Domenica 19 febbraio, nel contesto dell’Assemblea diocesana Elettiva dell’azione cattolica, si è svolto il convegno pace giovani. Ogni anno nei mesi di gennaio e febbraio l’ACR e il Settore Giovani celebrano il mese della pace rispettivamente con una festa per i ragazzi dai 6 ai 14 anni e un convegno pubblico rivolto in particolare giovanissimi e giovani. Il salone san Guido lo scorso febbraio ha accolto l’intervento di un relatore d’eccellenza: don Tony Drazza, assistente nazionale del settore giovani di Azione Cattolica.La relazione Essere strumenti di pace oggi, si è svolta nel pomeriggio, dopo la consegna delle nomine ai presidenti parrocchiali da parte del Vescovo, e ha visto la partecipazione di un nutrito gruppo di aderenti di tutte le età che hanno avuto la possibilità di godere dell’intervento di don Tony. L’assistente nazionale, con il suo pomeriggio acquese dopo la serata passata all’assemblea diocesana di Lamezia Terme, ha dato segno della scelta missionaria dell’AC nazionale, che viaggia per proporre ai giovani idee per farsi strumenti di pace nella società.
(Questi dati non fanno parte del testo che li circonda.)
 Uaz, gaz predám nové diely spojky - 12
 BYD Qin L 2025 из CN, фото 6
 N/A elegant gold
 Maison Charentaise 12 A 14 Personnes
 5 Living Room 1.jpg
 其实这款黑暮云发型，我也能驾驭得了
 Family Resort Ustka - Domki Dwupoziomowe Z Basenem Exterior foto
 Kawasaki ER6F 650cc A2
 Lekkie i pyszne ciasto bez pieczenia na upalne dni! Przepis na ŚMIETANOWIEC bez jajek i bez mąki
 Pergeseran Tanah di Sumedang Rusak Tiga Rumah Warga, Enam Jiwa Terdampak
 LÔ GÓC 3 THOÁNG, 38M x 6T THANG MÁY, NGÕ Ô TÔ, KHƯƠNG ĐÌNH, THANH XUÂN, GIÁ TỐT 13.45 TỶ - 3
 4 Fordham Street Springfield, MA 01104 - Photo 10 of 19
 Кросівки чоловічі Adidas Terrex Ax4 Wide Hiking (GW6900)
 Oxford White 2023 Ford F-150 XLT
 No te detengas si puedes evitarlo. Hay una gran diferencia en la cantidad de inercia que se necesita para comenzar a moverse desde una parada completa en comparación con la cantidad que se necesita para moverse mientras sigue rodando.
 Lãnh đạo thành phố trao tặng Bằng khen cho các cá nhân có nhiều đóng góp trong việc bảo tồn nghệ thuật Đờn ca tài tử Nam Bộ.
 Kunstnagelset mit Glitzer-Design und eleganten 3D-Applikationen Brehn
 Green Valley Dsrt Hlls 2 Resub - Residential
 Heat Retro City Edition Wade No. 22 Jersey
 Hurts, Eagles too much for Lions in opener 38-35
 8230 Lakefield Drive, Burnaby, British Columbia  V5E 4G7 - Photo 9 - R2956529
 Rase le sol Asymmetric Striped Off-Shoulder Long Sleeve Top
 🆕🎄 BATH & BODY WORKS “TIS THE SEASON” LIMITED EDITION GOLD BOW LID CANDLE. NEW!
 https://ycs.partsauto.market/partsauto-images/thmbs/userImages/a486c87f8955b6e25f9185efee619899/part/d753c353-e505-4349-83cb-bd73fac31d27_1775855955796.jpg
In questo tempo, come altri attraversato da crisi e guerre, il don ha esortato ad avere uno sguardo attento, capace di cogliere il bene che nel mondo si fa e si vive ogni giorno; lo sguardo di chi ama e cerca di comunicare senza fermarsi alla superficie dei conflitti e delle difficoltà. Essere innamorati è custodire e coltivare l’altro e questi occhi raffinati permettono di concentrarsi sulle cose buone, permettono di trovare la bellezza nella vita del nostro prossimo andando oltre il pregiudizio, il pettegolezzo superficiale.

Ai giovani studenti che hanno fondato il MSAC (Movimento Studenti di Azione Cattolica) in diocesi, l’assistente nazionale ha rivolto un grande incoraggiamento definendoli un miracolo, a tutta la comunità ha rivolto la preghiera di custodire le energie di questi giovanissimi,  che devono sognare, viaggiare e studiare perché sono destinati a cambiare il mondo. Un pensiero che può sembrare inutilmente romantico, ma che è la base per formare degli operatori di pace. Nessuno dovrebbe permettersi di annientarlo, perché per essere strumenti di pace bisogna entrare ogni giorno nella vita da risorti, provando quell’innamoramento che fa sentire invincibili; e bisogna sporcarsi le mani perché la pace è un lavoro artigianale che va plasmato e costruito. La pace quindi, come le cose belle, nasce nel cuore e si realizza con le mani, con un lavoro dal basso: imparando a incastrare il proprio carattere con quello degli altri per fare qualcosa insieme; e l’AC è, anche in questo, una palestra di pace.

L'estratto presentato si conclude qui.